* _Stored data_
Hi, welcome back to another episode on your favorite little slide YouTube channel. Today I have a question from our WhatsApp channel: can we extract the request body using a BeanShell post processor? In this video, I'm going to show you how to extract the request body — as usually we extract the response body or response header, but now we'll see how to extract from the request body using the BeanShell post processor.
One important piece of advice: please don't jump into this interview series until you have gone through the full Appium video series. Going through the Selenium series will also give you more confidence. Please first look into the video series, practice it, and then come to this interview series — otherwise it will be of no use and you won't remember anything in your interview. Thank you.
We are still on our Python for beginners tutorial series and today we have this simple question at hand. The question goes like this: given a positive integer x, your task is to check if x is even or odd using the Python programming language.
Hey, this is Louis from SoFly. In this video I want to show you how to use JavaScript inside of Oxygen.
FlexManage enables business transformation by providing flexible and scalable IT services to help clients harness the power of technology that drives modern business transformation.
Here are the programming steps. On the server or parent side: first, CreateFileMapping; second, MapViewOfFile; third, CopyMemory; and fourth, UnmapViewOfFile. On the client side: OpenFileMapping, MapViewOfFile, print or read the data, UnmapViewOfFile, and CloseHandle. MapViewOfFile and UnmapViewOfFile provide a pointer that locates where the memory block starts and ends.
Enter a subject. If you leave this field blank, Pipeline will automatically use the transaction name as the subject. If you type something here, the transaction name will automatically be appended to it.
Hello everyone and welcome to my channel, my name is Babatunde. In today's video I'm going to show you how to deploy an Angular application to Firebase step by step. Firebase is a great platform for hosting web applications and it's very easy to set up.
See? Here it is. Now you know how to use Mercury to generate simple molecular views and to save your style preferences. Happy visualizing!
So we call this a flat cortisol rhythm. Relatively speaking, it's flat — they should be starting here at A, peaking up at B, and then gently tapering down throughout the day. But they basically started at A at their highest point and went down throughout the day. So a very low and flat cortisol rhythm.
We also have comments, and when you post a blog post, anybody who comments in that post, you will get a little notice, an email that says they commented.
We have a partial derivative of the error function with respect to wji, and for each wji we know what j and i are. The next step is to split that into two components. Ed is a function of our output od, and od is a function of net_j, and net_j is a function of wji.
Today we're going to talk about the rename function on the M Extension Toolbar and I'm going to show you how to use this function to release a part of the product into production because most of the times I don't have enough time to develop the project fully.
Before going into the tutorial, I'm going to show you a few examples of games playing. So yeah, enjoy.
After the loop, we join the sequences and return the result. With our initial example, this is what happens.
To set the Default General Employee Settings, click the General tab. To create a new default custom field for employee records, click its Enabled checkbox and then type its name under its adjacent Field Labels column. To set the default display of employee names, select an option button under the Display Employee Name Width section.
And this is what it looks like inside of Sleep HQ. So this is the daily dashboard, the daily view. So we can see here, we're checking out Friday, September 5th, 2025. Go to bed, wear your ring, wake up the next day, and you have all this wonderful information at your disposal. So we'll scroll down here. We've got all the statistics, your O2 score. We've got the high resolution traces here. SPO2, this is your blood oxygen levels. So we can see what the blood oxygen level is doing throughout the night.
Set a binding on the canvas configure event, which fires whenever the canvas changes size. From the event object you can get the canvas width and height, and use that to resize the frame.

* _Problem requirements_
Find "Hello everyone and" in the entries above and copy that whole line exactly, then each line after it through the line that contains "See? Here it".

* _Answer for this exercise_
Hello everyone and welcome to my channel, my name is Babatunde. In today's video I'm going to show you how to deploy an Angular application to Firebase step by step. Firebase is a great platform for hosting web applications and it's very easy to set up.
See? Here it is. Now you know how to use Mercury to generate simple molecular views and to save your style preferences. Happy visualizing!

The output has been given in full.